::: RECORDS PROVIDED :::

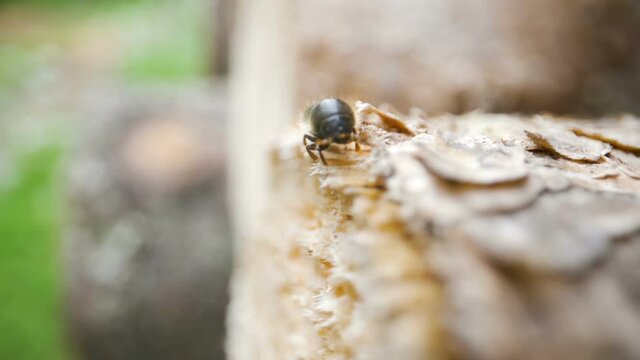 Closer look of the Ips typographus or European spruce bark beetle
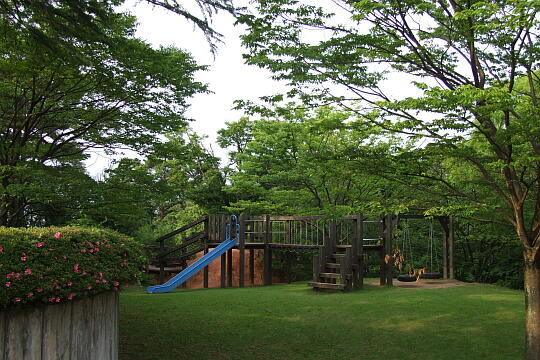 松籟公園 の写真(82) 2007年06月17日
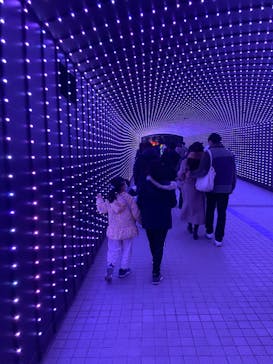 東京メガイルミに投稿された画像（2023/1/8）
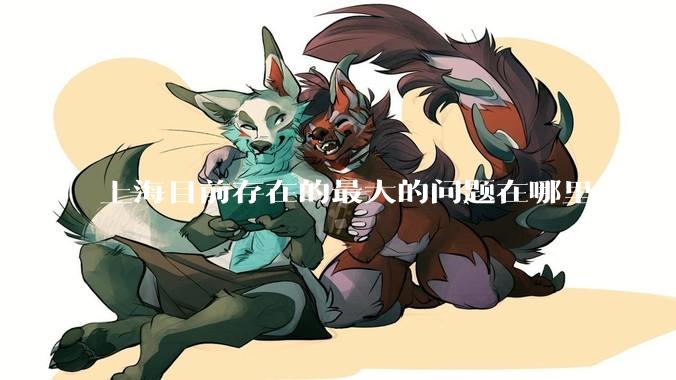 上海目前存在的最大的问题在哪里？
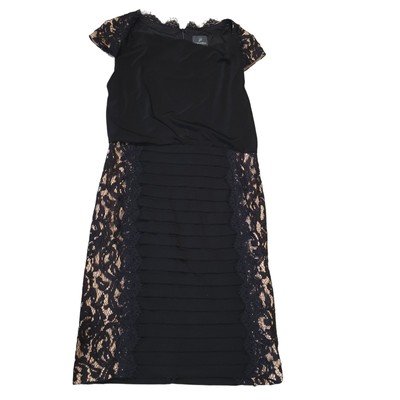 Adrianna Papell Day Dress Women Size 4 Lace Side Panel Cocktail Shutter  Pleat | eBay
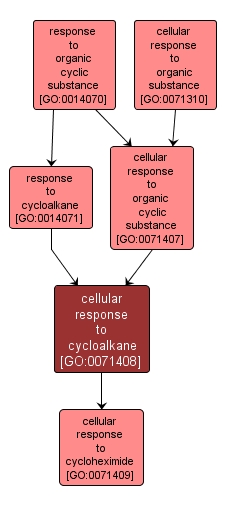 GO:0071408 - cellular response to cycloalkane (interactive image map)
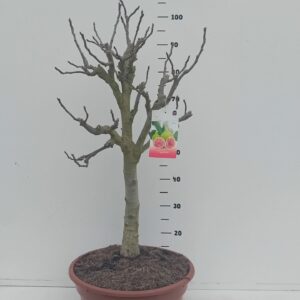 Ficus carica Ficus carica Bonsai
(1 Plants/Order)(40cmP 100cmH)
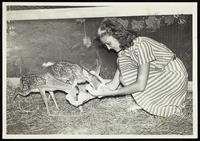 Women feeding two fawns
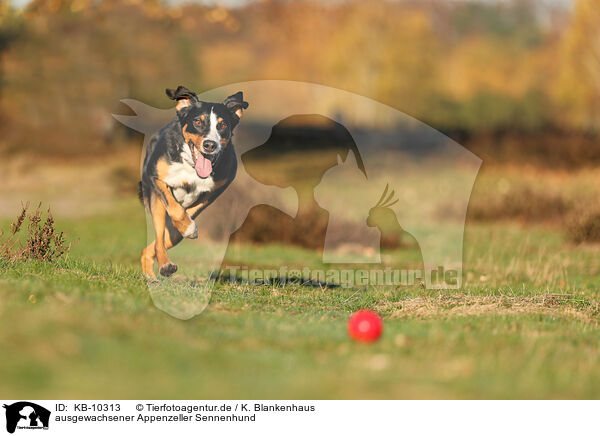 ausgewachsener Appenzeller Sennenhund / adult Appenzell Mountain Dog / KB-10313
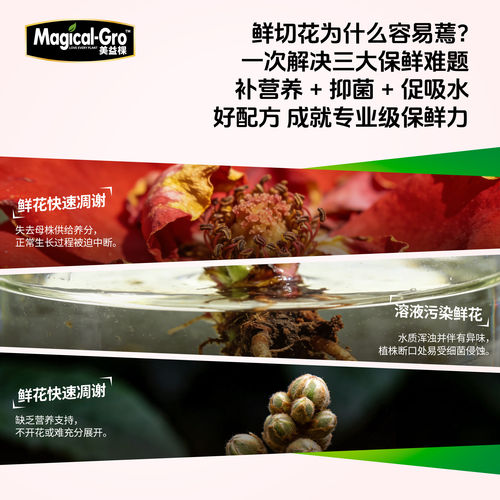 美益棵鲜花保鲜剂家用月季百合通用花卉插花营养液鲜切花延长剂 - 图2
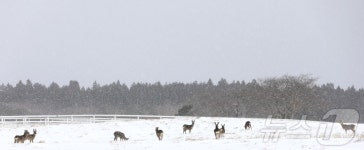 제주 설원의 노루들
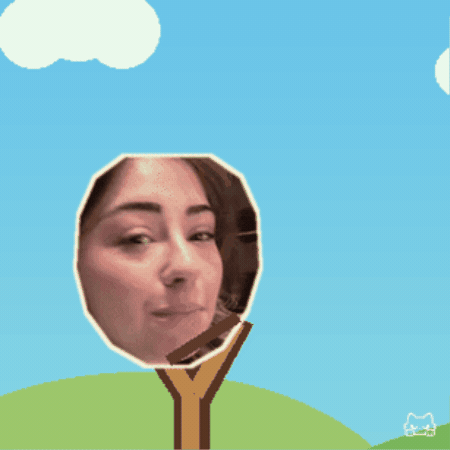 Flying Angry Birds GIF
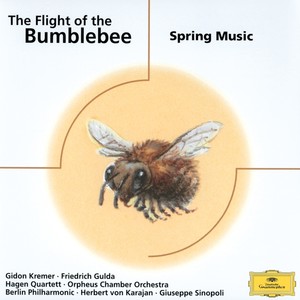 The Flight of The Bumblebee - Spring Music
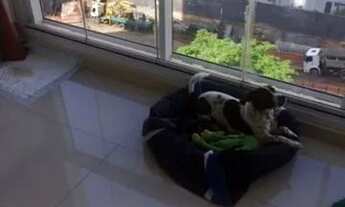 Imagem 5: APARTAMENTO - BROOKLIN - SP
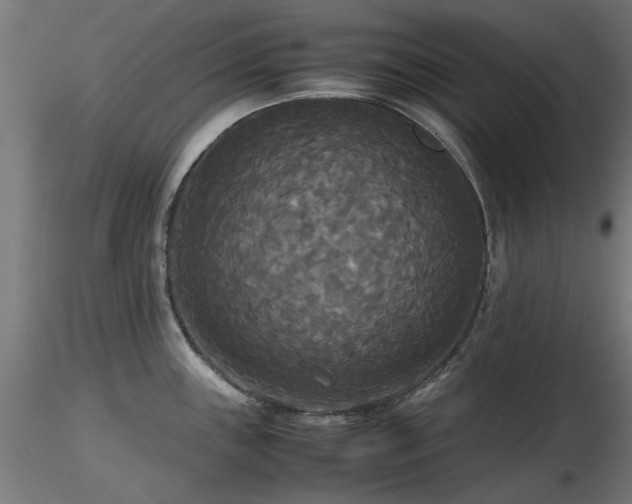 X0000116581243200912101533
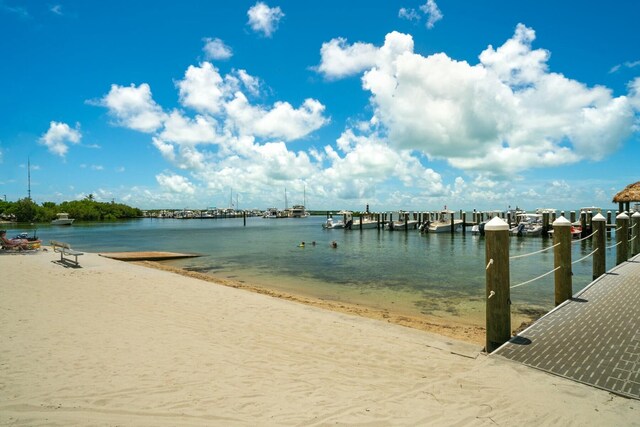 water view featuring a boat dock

:::
::: RECORDS PROVIDED :::

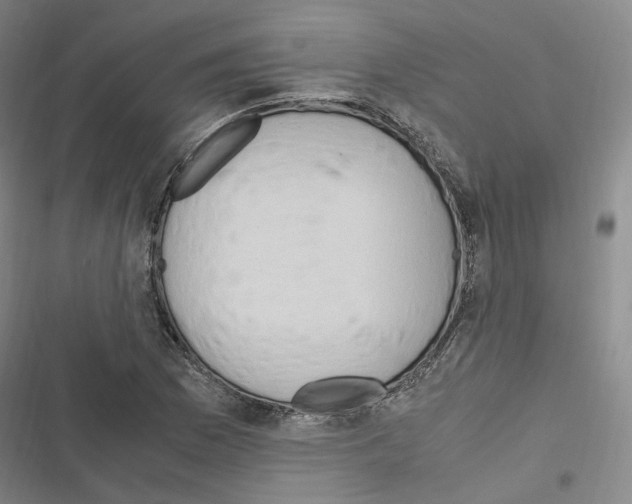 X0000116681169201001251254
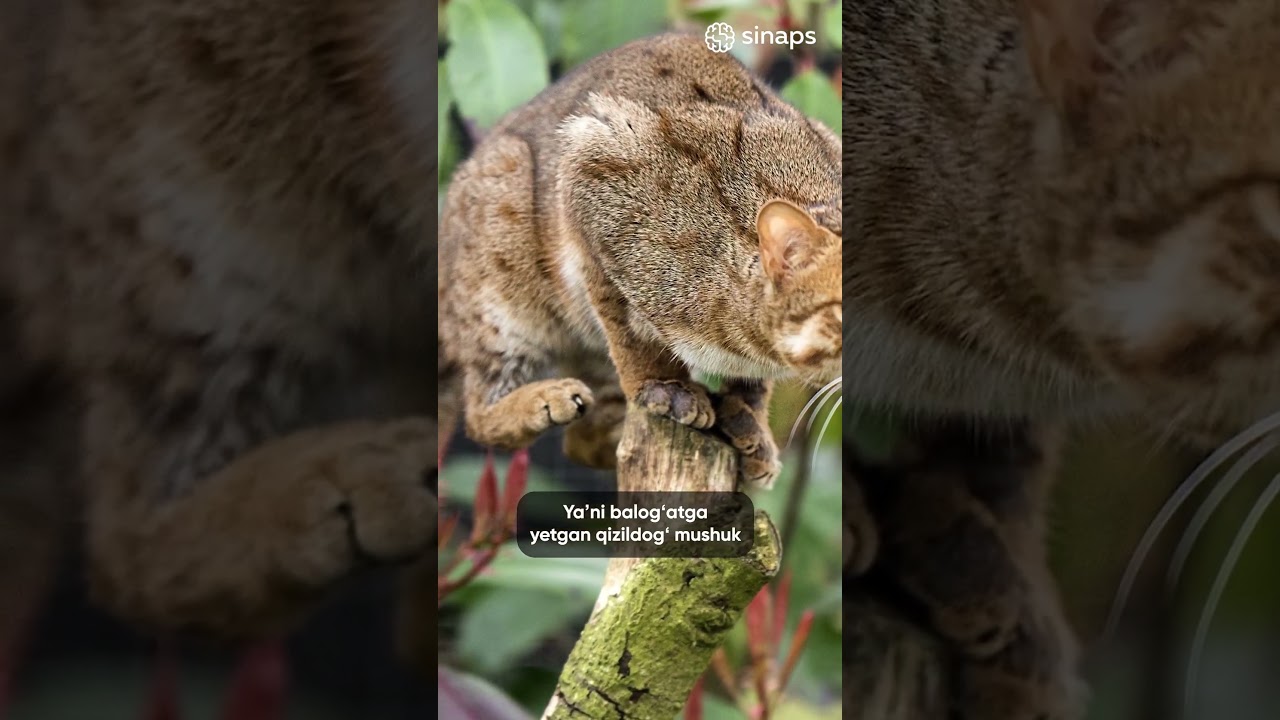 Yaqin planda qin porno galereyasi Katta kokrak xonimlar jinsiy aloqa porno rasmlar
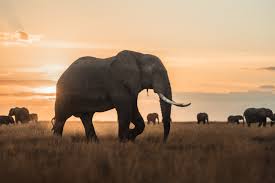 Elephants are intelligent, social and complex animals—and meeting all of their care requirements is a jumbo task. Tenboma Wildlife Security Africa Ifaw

:::
::: RECORDS PROVIDED :::

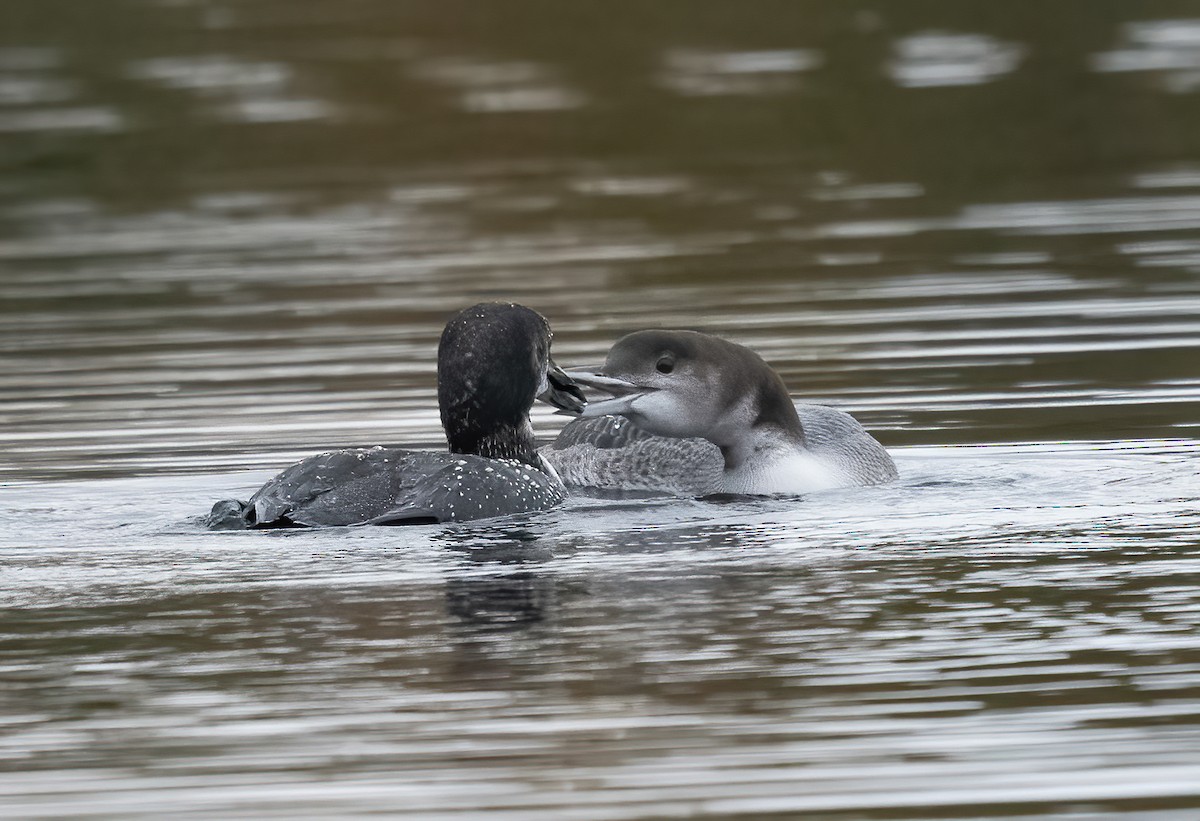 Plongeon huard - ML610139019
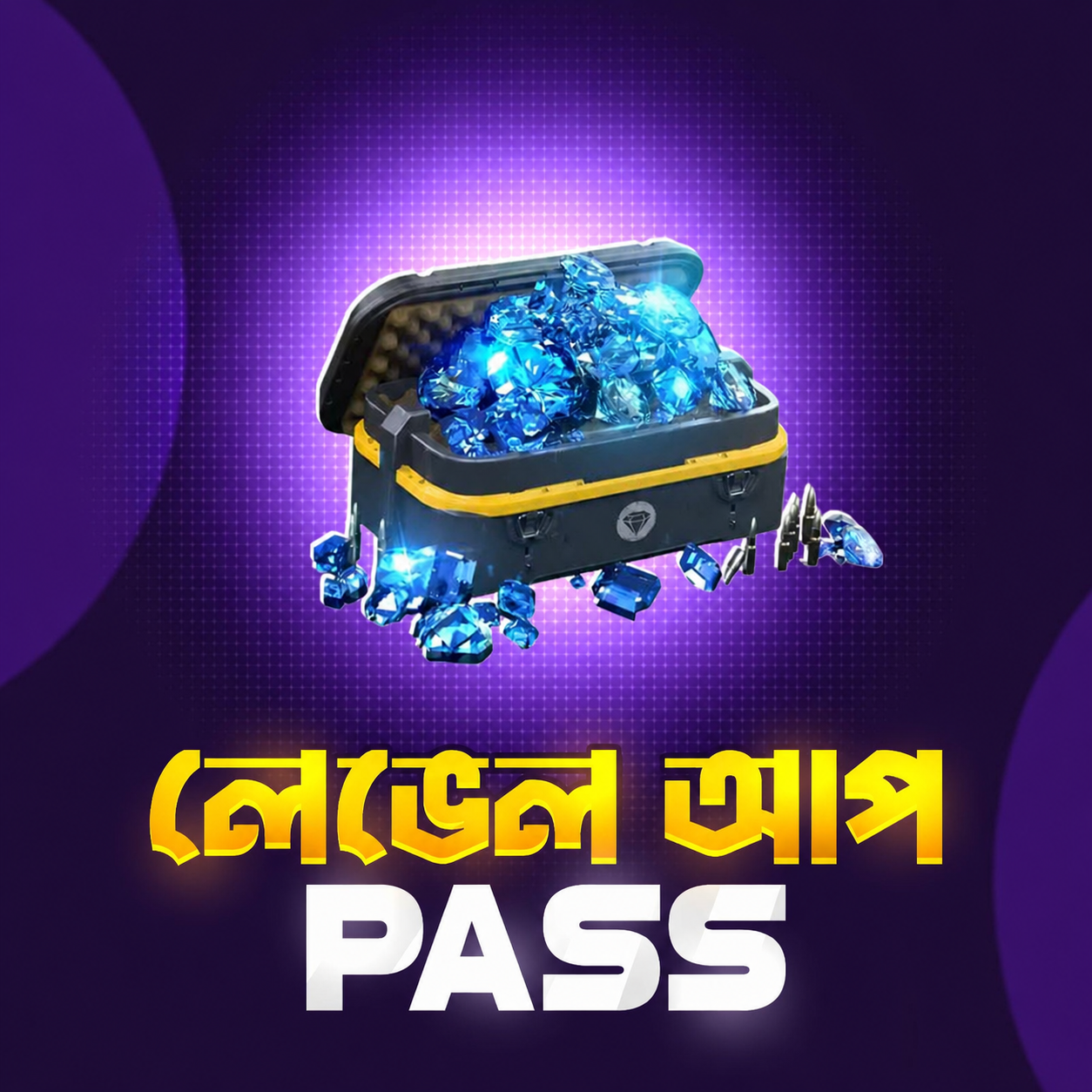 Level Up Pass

:::

YOUR OBJECTIVE: Print everything from the line with "東京メガイルミに投稿された画像（2023/1/8）" down to the line with "water view featuring a boat dock" in the entries above, both lines included and nothing more, without the pictures.

TASK RESULT:
 東京メガイルミに投稿された画像（2023/1/8）
 上海目前存在的最大的问题在哪里？
 Adrianna Papell Day Dress Women Size 4 Lace Side Panel Cocktail Shutter  Pleat | eBay
 GO:0071408 - cellular response to cycloalkane (interactive image map)
 Ficus carica Ficus carica Bonsai
(1 Plants/Order)(40cmP 100cmH)
 Women feeding two fawns
 ausgewachsener Appenzeller Sennenhund / adult Appenzell Mountain Dog / KB-10313
 美益棵鲜花保鲜剂家用月季百合通用花卉插花营养液鲜切花延长剂 - 图2
 제주 설원의 노루들
 Flying Angry Birds GIF
 The Flight of The Bumblebee - Spring Music
 Imagem 5: APARTAMENTO - BROOKLIN - SP
 X0000116581243200912101533
 water view featuring a boat dock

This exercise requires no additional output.